Pues sí. A veces creo que vivo en un zoo. La fama ha hecho que muchas veces mi vida sea como un espectáculo de «freaks». He necesitado adaptarme a esta situación y, aunque todavía no lo he conseguido del todo, estoy segura de que  llegaré a acostumbrarme. La mayoría de las personas no aprecian  el hecho de ser anónimas y, una vez que pierdes ese estado lo anhelas profundamente. Con la popularidad llegas a un nuevo territorio al que hay que adaptarse por fuerza.

¿Le ha merecido la pena sacrificar ese anonimato soñado?

Por supuesto.
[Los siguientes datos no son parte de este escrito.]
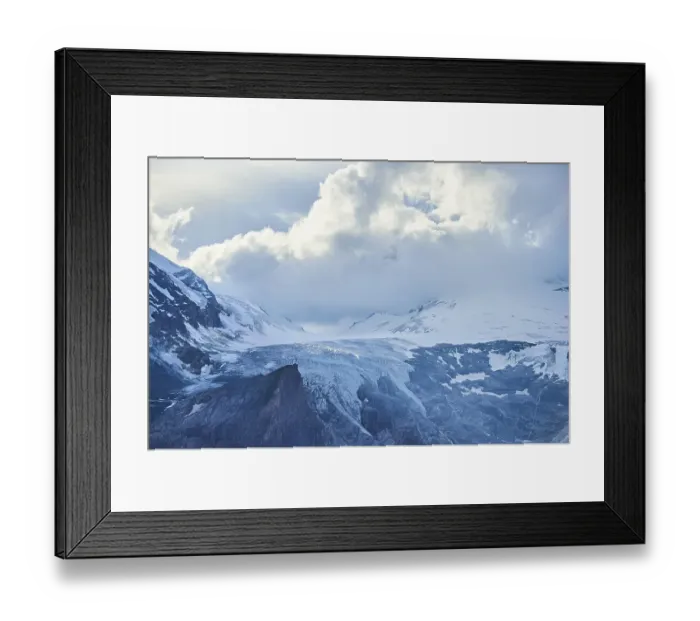 Framed Print : View from Franz Joseph Hoehe into the mountains (Grossglockner) with Pasterze at Hochalpenstrasse Framed Print : View from Franz Joseph Hoehe into the mountains (Grossglockner) with Pasterze at Hochalpenstrasse
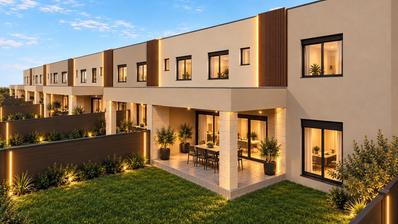 Eszék, Tvrdavica - három hálószobás új építésű ingatlan 111,64 m² alapterülettel, zárt lakóparkban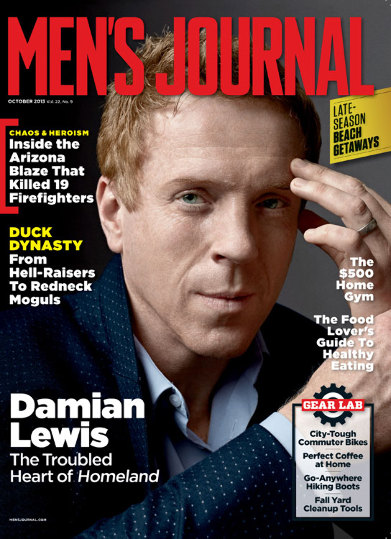 Damian Lewis on the October 2013 cover of Men's Journal
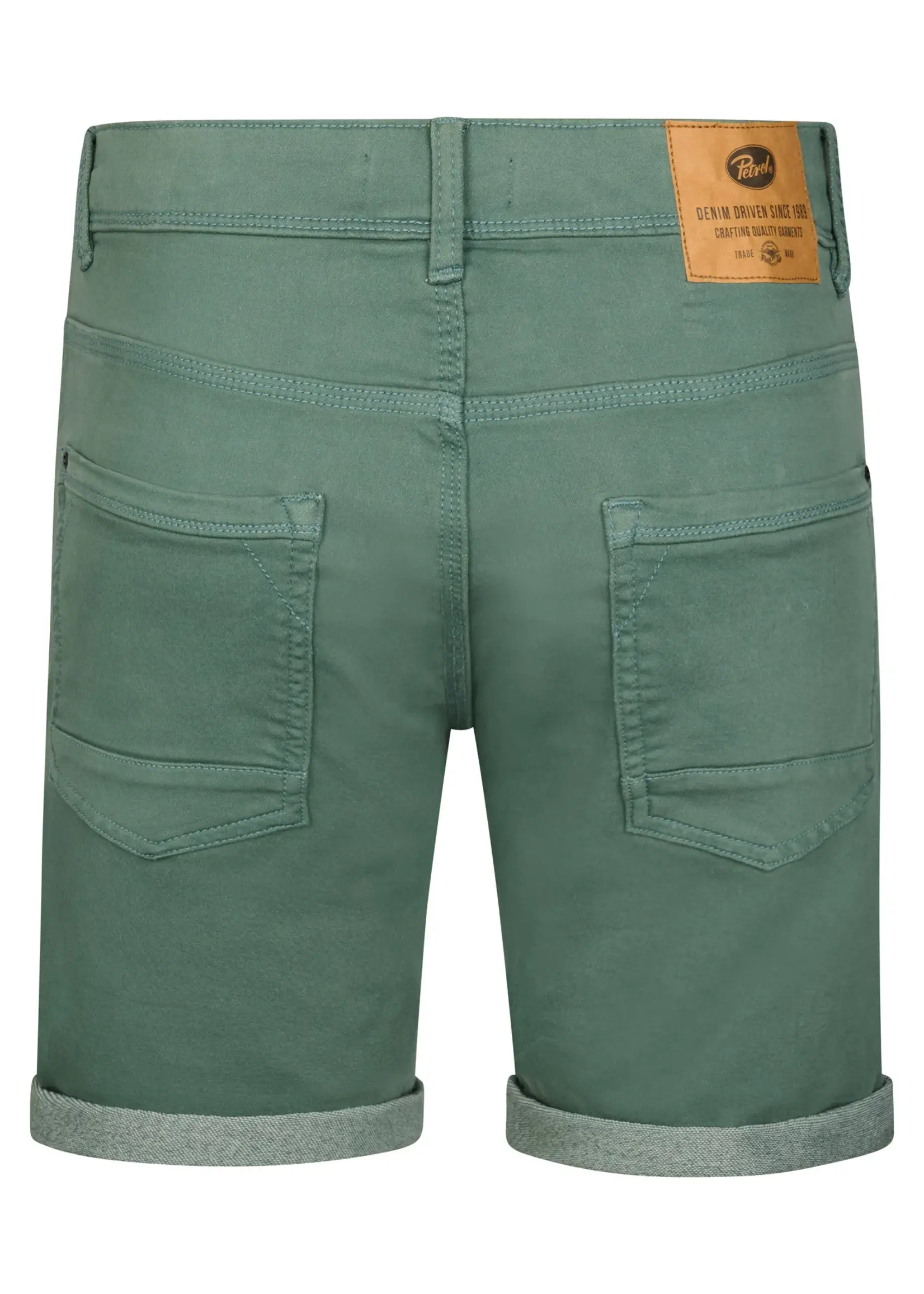 PETROL INDUSTRIES JACKSON GEKLEURDE DENIM SHORT M-ROS-SHO005/6180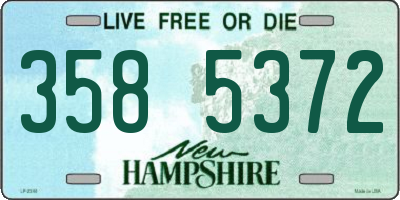 NH license plate 3585372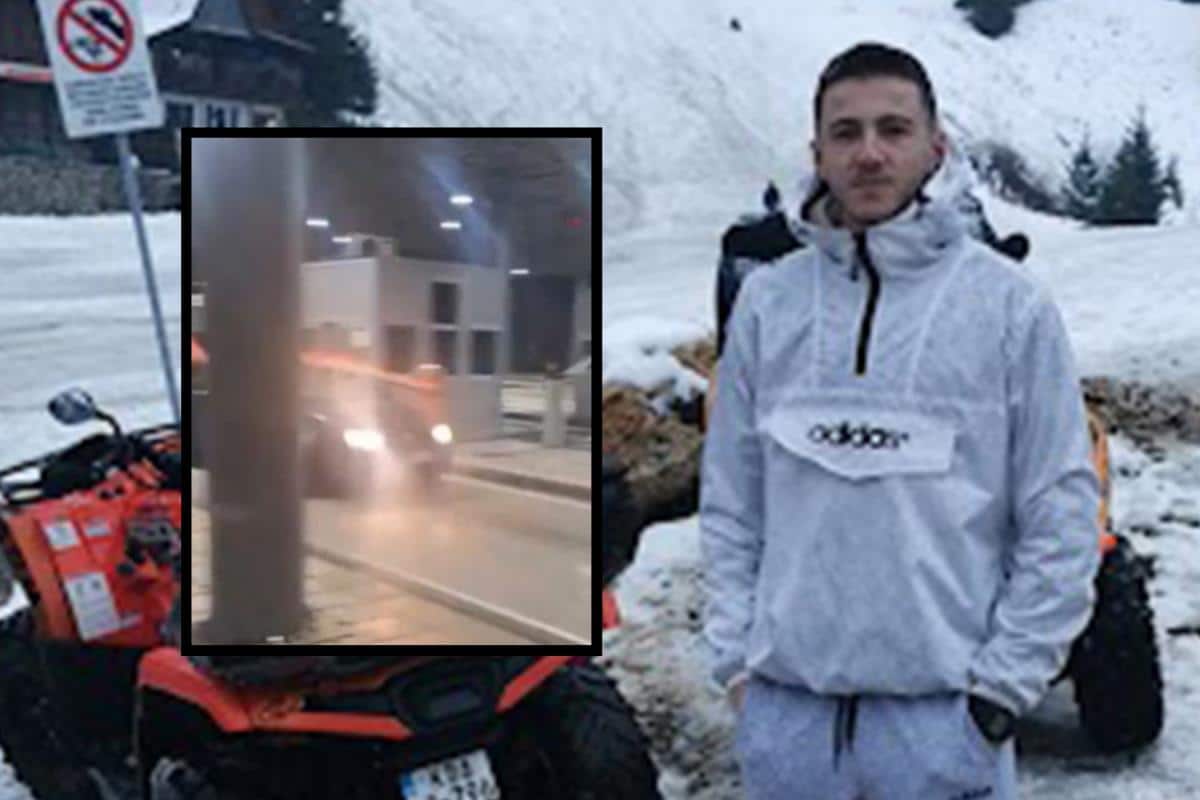 STRAVIČAN SNIMAK PROBIJANJA RAMPE: Mladi Emin je ubrzo napravio koban potez i poginuo (VIDEO)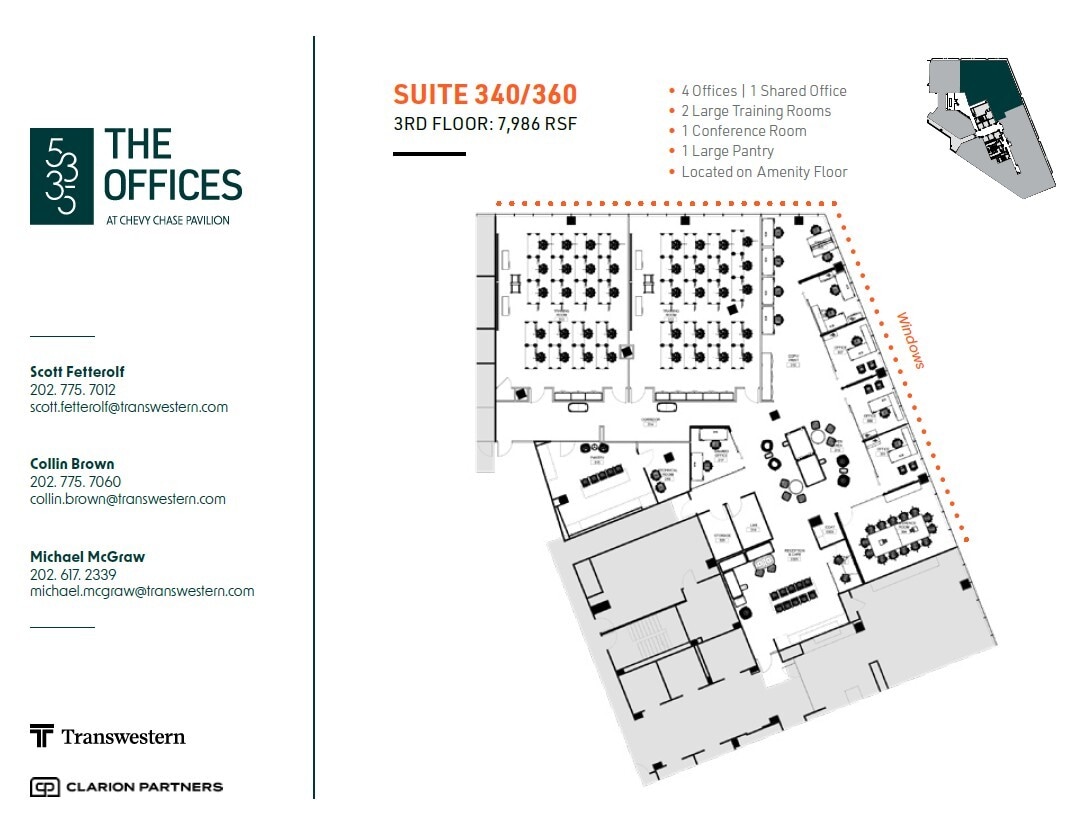 5335 Wisconsin Ave NW, Washington, DC à louer Plan d’étage- Image 1 de 1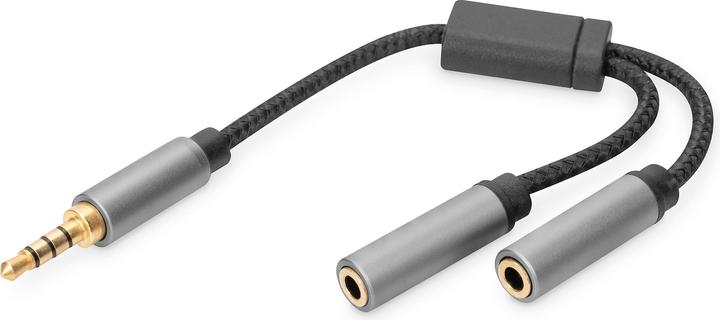 Image du produit Digitus Splitter audio, jack 3,5 mm vers 2x 3,5 mm femelle (0.20 m)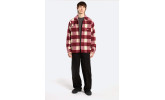 Camisa Dickies PLAID COALING LS SHIRT Brik Red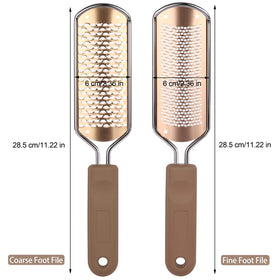 LoveBB rasp in use on heel demonstrating efficient dead skin removal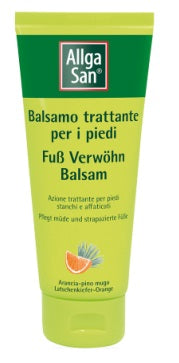 naturwaren italia allgasan balsamo trattante per i piedi stanchi e affaticati 100 ml allga san ean 4030538507333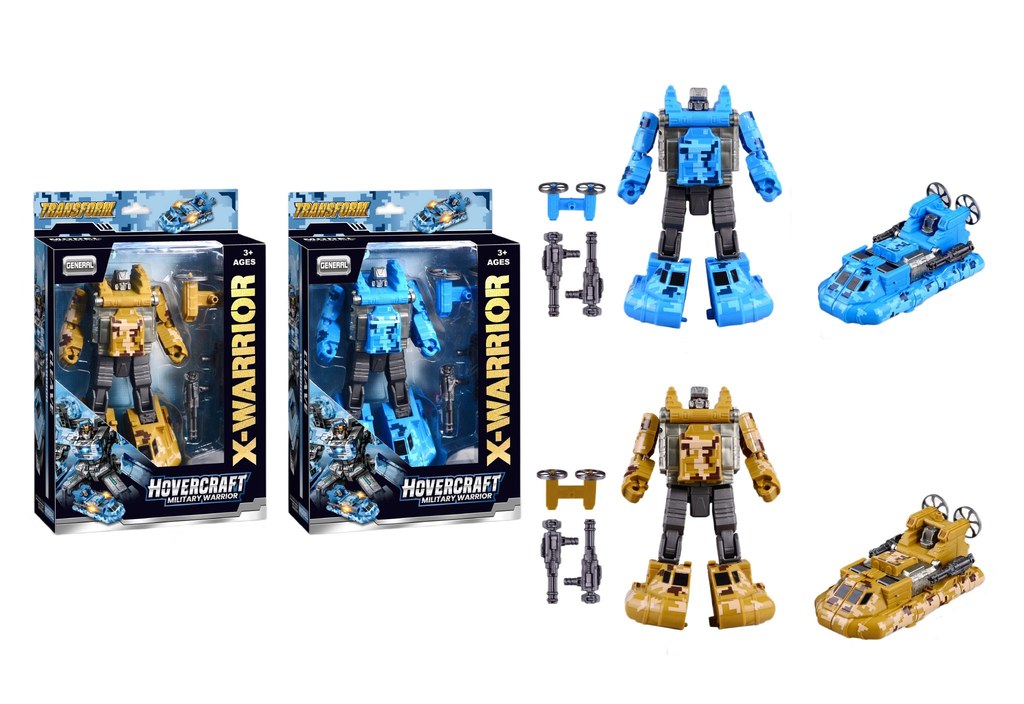 Robô Transformável em Hovercraft X-Warrior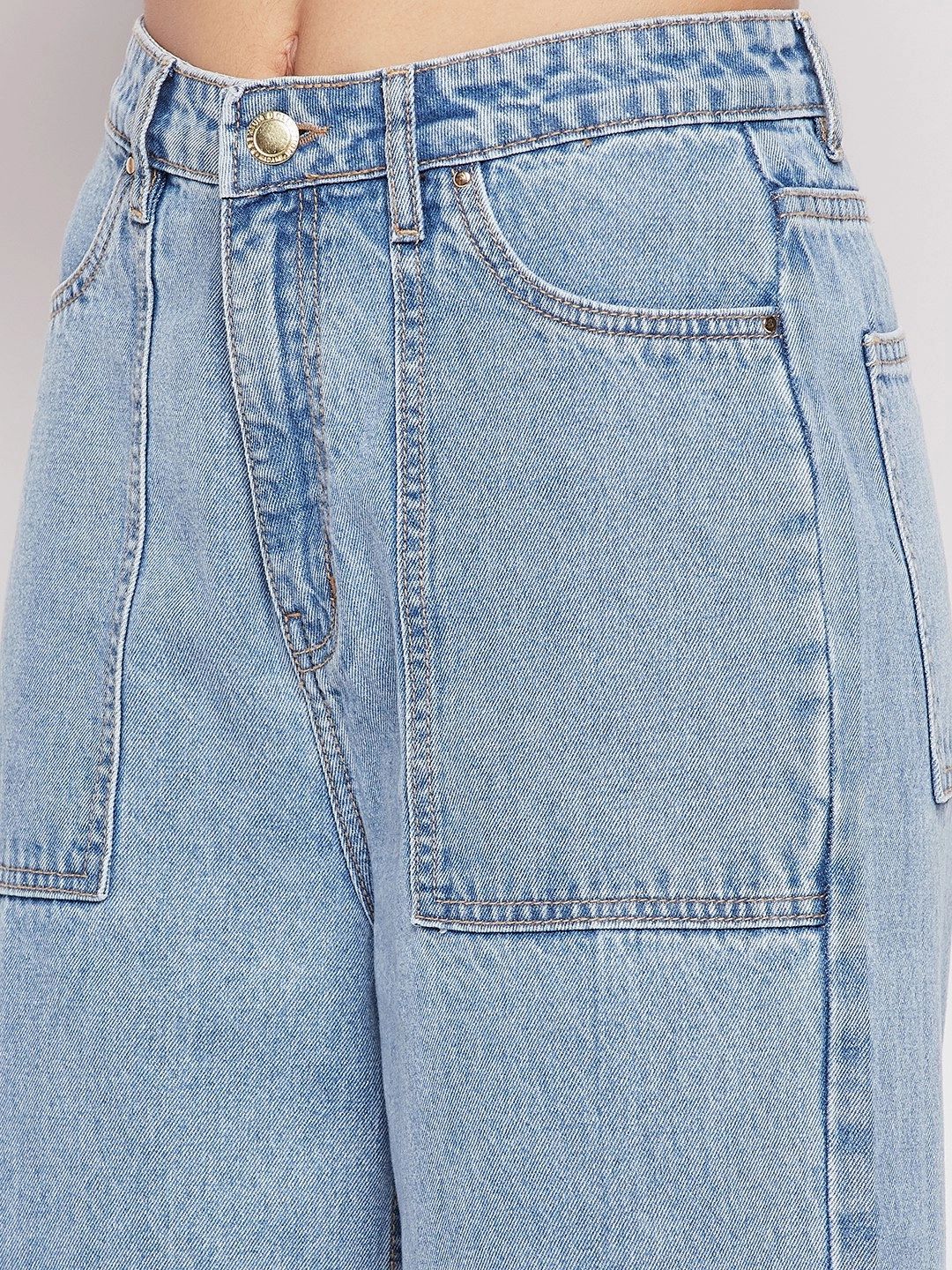 Madame Blue Slit Denim All Size Fit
A pesar de todo, rotundamente sí. Yo me siento increíblemente afortunada de poder trabajar en lo que me gusta. La fama es un bono añadido que se ha convertido en un dolor de trasero, pero conozco muchos actores que no pueden conseguir un trabajo ni para hacer un anuncio y su queja es aún peor. Es difícil encontrar el equilibrio, pero todavía es más ridículo quejarse del éxito.

¿Y cuando ocurren cosas como el robo de sus fotos íntimas?

En ese caso, definitivamente, llega el momento de poner límites. Es una invasión de privacidad grave. Estamos viviendo en una época de obsesión por los famosos que ha llegado a un punto de hervor insoportable. Todos debemos cambiar y ajustarnos a la información que tenemos. Al menos, estoy aprendiendo mucho con todo lo que me ha ocurrido y voy a tomar medidas para que no vuelva a pasar».